Step 2: Single Line Kites: Essential Equipment.
To Start With the Obvious:
Some flying line.
A handle or reel to wind the line onto.
You would be surprised by how many people buy a kite and open the packet on the beach, only to find one of those three things missing.
After that, things get a little more complicated, depending on the sort of kite you are flying. If you are flying a fairly small or simple single-line kite, usually all you need is somewhere to fasten your kite.
Some Choices for Securing:
Bits of the scenery, such as handy rocks or small bushes.
Furniture, such as beach-shelters, deck chairs and the like.
A bag of sand or gravel. This is quite convenient, since all you need to do is have a carrier bag in your pocket.
A ground stake. This is a spike that you hammer or screw into the ground, with a loop at the top to fasten your kite onto. A good style looks like a corkscrew and can be bought from pet shops, intended to fasten dogs to.
A carabiner (climber's "crab") is also useful, as it can quickly clip your kite to a handy object (beware, though, that cheap key-ring crabs are not strong enough for large kites). Never fasten a large kite to a pushchair, especially if it holds a small child! Of course, you could always be boring and hold the handle in your hand.

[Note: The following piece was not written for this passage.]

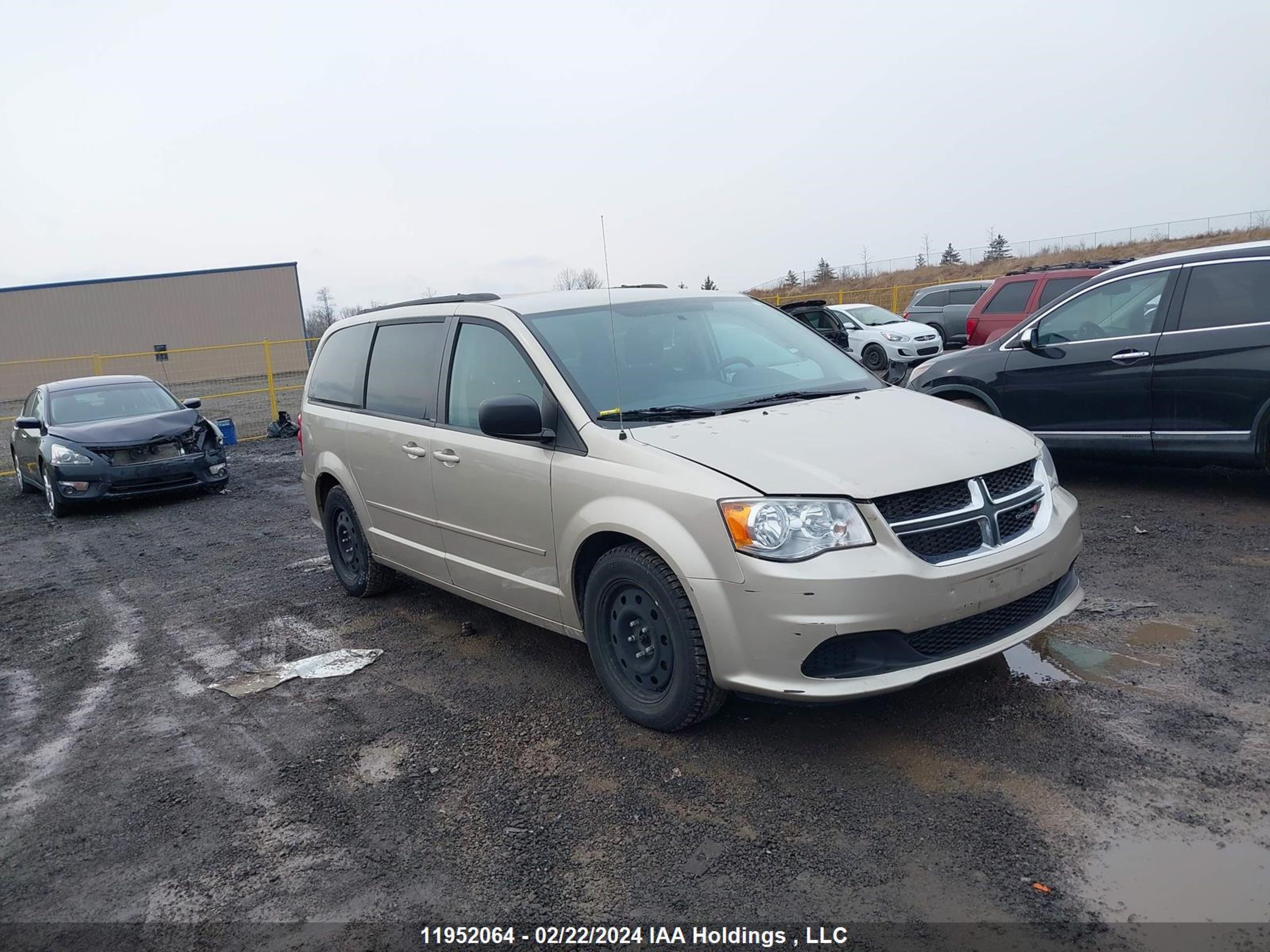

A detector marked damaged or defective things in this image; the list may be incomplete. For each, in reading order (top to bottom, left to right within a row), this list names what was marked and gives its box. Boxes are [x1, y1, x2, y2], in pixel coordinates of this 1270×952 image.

damaged black sedan [8, 376, 227, 517]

If you are flying larger one-liners, or it is windy, gloves are essential. A taut kite-line can cut to the bone, and at least one person has got the line tangled around their ankle. Several people are killed every year by kites, mainly from line-related injuries. Ordinary gardening gloves are good, and cheap enough to leave in your kite bag. A good rule of thumb is to never pull or hold your line with a bare hand, just to avoid falling into bad habits.
Spare tails are useful if wind conditions are variable, or if the tail of your kite is long and liable to get caught and torn. It is also useful to bring along something to wind your tails onto, such a pieces of heavy card, hardboard or thin plywood. This is particularly useful for the easy storage of dragon kites.

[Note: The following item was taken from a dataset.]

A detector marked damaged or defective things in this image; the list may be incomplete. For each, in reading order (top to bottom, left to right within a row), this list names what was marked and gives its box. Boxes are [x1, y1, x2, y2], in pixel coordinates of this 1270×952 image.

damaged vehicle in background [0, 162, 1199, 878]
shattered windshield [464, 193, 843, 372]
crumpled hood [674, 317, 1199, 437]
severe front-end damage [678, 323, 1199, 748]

Stuff to Have in Case of Emergency:
It is useful to have an emergency repair kit, even for a kite you only paid 99p for.
Scissors: pick a sharp pair, small enough to be convenient to carry, yet tough enough to cut through several thicknesses of line and sail material.
Tape: Sticky tape is useful for fixing small cuts or tears, especially in plastic kites, but if a rip is large enough to need gaffa ('duck' or 'duct') tape, then it is large enough to warrant packing up and going home to fix it properly.
Glue and paper: paper kites sometimes come unstuck at the seams, so a glue stick will help to attach a small patch. Rips in paper can get worse quickly, so gluing small patches over rips helps to greatly extend the life of a kite.